Ziobro przypomniał, że w czerwcu na konferencji prasowej w Sejmie mówił o tym, że w Parlamencie Europejskim powinna toczyć się debata na temat stanu demokracji w Polsce. Ziobro poinformował wówczas, że europosłowie PiS napisali i rozesłali list do wszystkich szefów grup politycznych w PE, aby zapoznać ich z problemami polskiej demokracji.

"Przypomniałem o tym fakcie na komitecie politycznym, który miał miejsce dwa tygodnie temu. Poinformowałem, że został sporządzony list i będzie dotyczył wolności mediów w Polsce. Sygnalizowałem nawet możliwość zorganizowania manifestacji pod Parlamentem Europejskim. Nie zostało to zaakceptowane. Nie miałem żadnych sygnałów, żeby list mógł budzić negatywny wydźwięk" - podkreślił Ziobro.

Członkowie komitetu politycznego PiS, z którymi rozmawiała PAP twierdzą, że takie zdarzenie mogło mieć miejsce, ale dokładnie go sobie nie przypominają. "Omawiamy dużo spraw. Być może Zbigniew Ziobro w dyskusji coś wspomniał o liście. Jednak dokładnie tego nie pamiętam" - powiedział PAP polityk z kierownictwa partii.



Reklama

"Dzień przed upublicznieniem listu lojalnie przedstawiliśmy go z Jackiem Kurskim na spotkaniu klubu Europejskich Konserwatystów i Reformatorów w obecności prof. Ryszarda Legutki i szefa grupy Jana Zahradila. Uzyskaliśmy powszechne poparcie grupy. Przewodniczący Zahradil zapowiedział, że będzie popierał sprawę i domagał się wprowadzenia rezolucji i debaty w Parlamencie Europejskim na temat tego listu" - relacjonował.

Europoseł skomentował również wypowiedź szefa sztabu PiS Tomasza Poręby, który w rozmowie z portalem Wirtualna Polska powiedział, że Ziobro nie rozmawiał ze nim na temat listów. "Nic o nich nie wiedziałem" - powiedział Poręba. "To nie powinno się zdarzyć, to nam szkodzi" - dodał.

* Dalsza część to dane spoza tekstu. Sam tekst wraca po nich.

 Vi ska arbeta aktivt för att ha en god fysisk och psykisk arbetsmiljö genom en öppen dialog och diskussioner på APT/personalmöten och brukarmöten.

"Jarosław Kaczyński zajął stanowisko w tej sprawie. Problem, który podniosłem, był wcześniej konsultowany wewnątrzpartyjnie. Zachowałem się lojalnie nie tylko wobec partii, ale przede wszystkim polskiego państwa" - uważa Ziobro.

Kaczyński w czwartek powiedział, że europosłowie PiS korzystali z prawa do krytyki, które jest oczywiste, szczególnie w kontekście zbliżających się wyborów.

Ziobro skomentował też piątkową wypowiedź dziennikarza Tomasza Lisa z radia TOK FM. "Z tego co słyszałem, w samolocie do Brukseli panowie Kurski i Ziobro naradzali się dość głośno. A w którymś momencie, po drinkach, nawet bardziej niż głośno. (...) Koledzy eurodeputowani już parę dni wcześniej wiedzieli, że taka akcja będzie wykonana" - powiedział Lis.

"Jeżeli mam rozumieć te słowa, że redaktor Lis podsłuchiwał moją rozmowę z Jackiem Kurskim, a teraz donosi na ten temat, to nie miałbym nic przeciwko donosikowi, gdyby nie to, że takiej rozmowy nie było" - podkreślił Ziobro.

"W takim wypadku redaktor Lis posługuje się nie tylko donosikiem, ale też i kłamstewkiem. To widać pasuje jak ulał do jego rzetelności dziennikarskiej" - dodał.

Ziobro zaznaczył, że jeśli Lis "sam nie podsłuchiwał rozmowy" to oznacza, że wykorzystuje nieprawdziwe "anonimowe donosy". Polityk PiS zapowiedział, że rozważy pozwanie Lisa do sądu.